EXERCISE PROMPT.
Starting with the line with "In this video, we're" in the entries below and going on through the line with "In this video, I'll", output every line exactly and nothing more. No pictures.

INFORMATION SHOWN.

##########

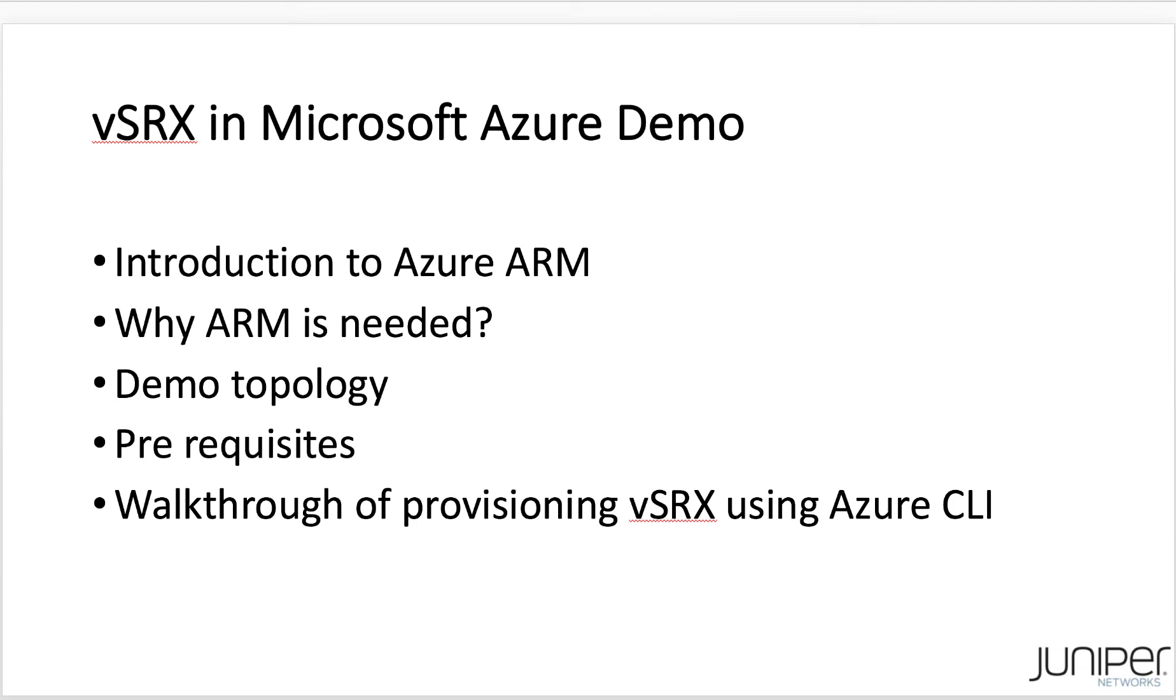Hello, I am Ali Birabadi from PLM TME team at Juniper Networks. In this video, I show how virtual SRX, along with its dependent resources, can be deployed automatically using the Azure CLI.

##########

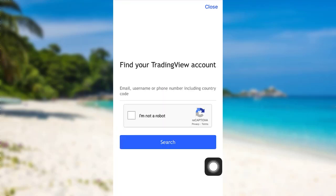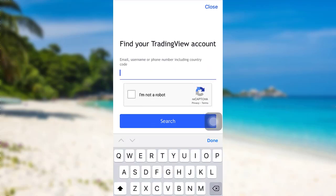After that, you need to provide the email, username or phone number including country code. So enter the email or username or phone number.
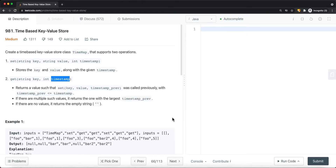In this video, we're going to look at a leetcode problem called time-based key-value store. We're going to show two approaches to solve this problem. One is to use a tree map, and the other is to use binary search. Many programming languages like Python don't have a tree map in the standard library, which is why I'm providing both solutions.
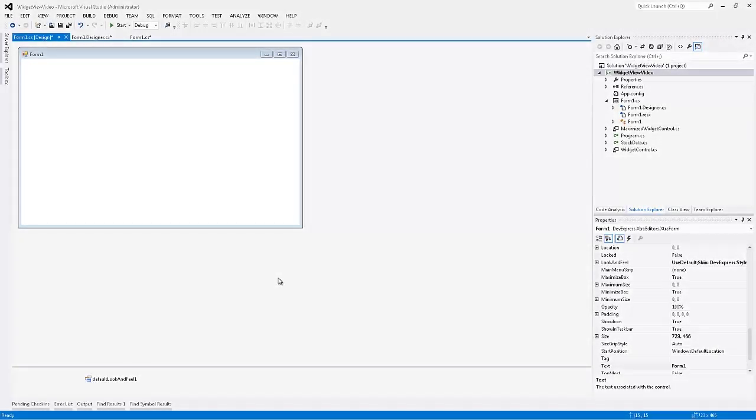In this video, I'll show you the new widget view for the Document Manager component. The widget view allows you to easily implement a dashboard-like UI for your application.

##########

TASK ANSWER.
In this video, we're going to look at a leetcode problem called time-based key-value store. We're going to show two approaches to solve this problem. One is to use a tree map, and the other is to use binary search. Many programming languages like Python don't have a tree map in the standard library, which is why I'm providing both solutions.
In this video, I'll show you the new widget view for the Document Manager component. The widget view allows you to easily implement a dashboard-like UI for your application.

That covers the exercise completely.